Nila Sweeney

 

Have you ever felt cheated by your gym, pushed into a contract or fallen for a special offer with hidden fees? How can you fight back?

 

Government agencies and consumer bodies have received various complaints from the public about the fitness industry.

 

According to Gerard Brody, director of policy and campaigns at the Consumer Action Law Centre, common complaints about gyms include misleading marketing and advertising, direct debits that continue after a contract expires, unfair exit fees and not receiving a discount when referring a friend.

 

“Gyms are not allowed to penalise you in unreasonable circumstances, such as prematurely ending your contract because of an illness”, says Brody.

 

By law, gyms can’t make you pay membership fees more than 12 months in advance.
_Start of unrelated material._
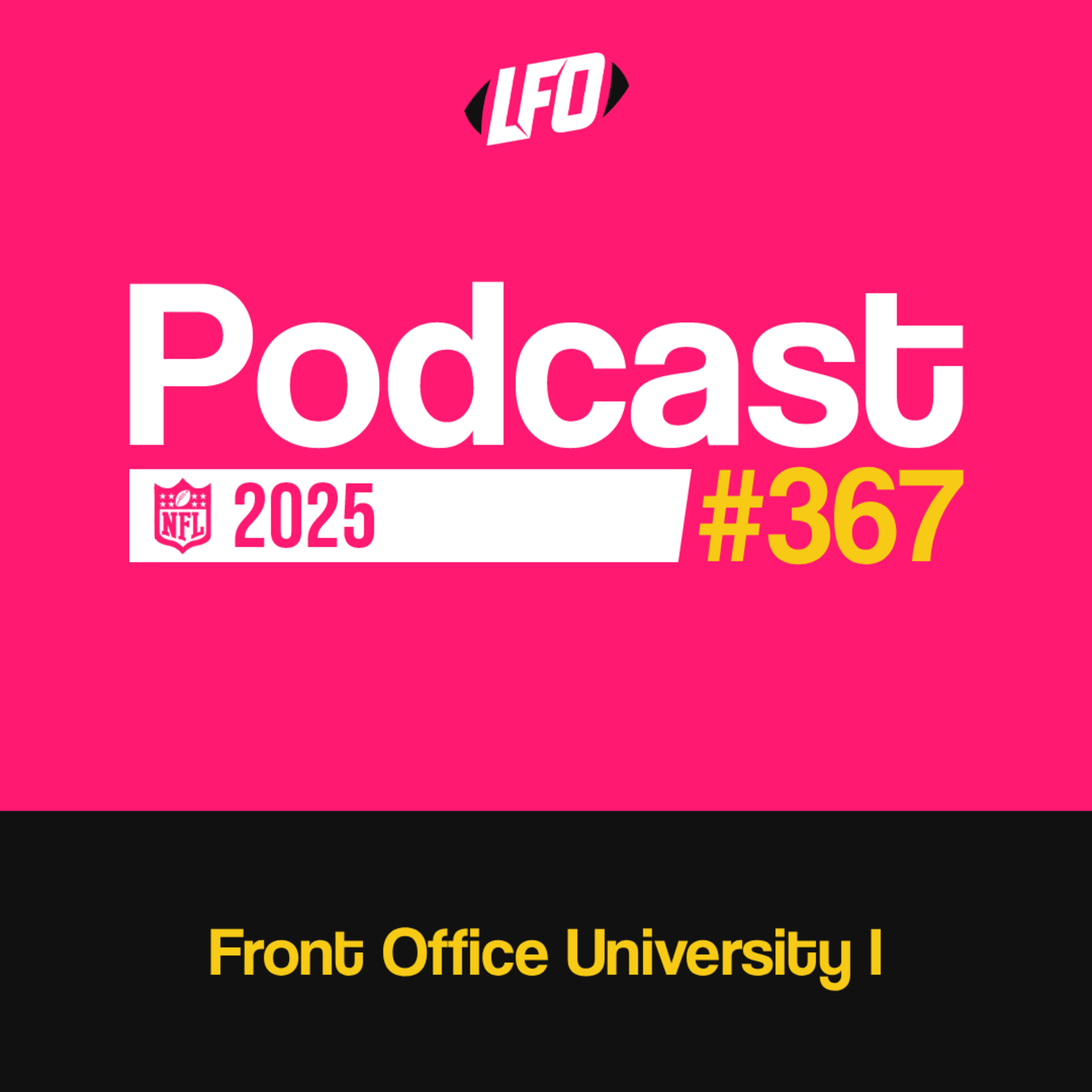 cover podcast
Another illegal practice is promising new members a discount on their membership if they provide the gym with the names and details of their friends or family.

 

Don’t be duped

 

There are ways to avoid becoming ripped off in the first place. You have a right to ask the gym as many questions as you like and it’s advisable you read the terms and conditions in your own time, so don’t sign anything until you fully understand the gym’s policy on:

 

·         The total cost of membership and how often these fees will be charged. “Customers tend to be misled about upfront and ongoing fees”, says Brody.

 

·         Cancellation: how easy is it to end your membership (even before it expires), how much advance notice you are expected to give and what exit fees apply?

 

·         Discounts and special offers: if you’re joining because of a special offer, confirm when the offer ends and what you’ll be charged once the honeymoon phase ends.

 

·         Cooling-off period: how much time do you have to change your mind about membership? “In most cases, gyms aren’t obliged to set a cooling off period but we recommend customers choose a gym with one,” says Brody. If you’ve joined through an unsolicited arrangement, such as a door-to-door sale, then you’re entitled to a 10-day cooling off period.

 

What to do if you’ve been ripped off

 

If the gym continues to make direct debits from your account after you’ve ended your membership, then you should speak with your bank. Brody adds that customers should tell their gym to stop making direct debits once their contract has ended, although they are entitled to a refund and assistance if the situation becomes difficult.

 

Check if your gym is signatory to the Fitness Industry Code of Practiceset by Fitness Australia, the national body representing the health and fitness sector. If they are, then you can lodge a complaint with Fitness Australia.

 

If the gym is not a member of Fitness Australia, then you should contact the government’s consumer protection agency in your state or the Australian Competition and Consumer Commission (ACCC).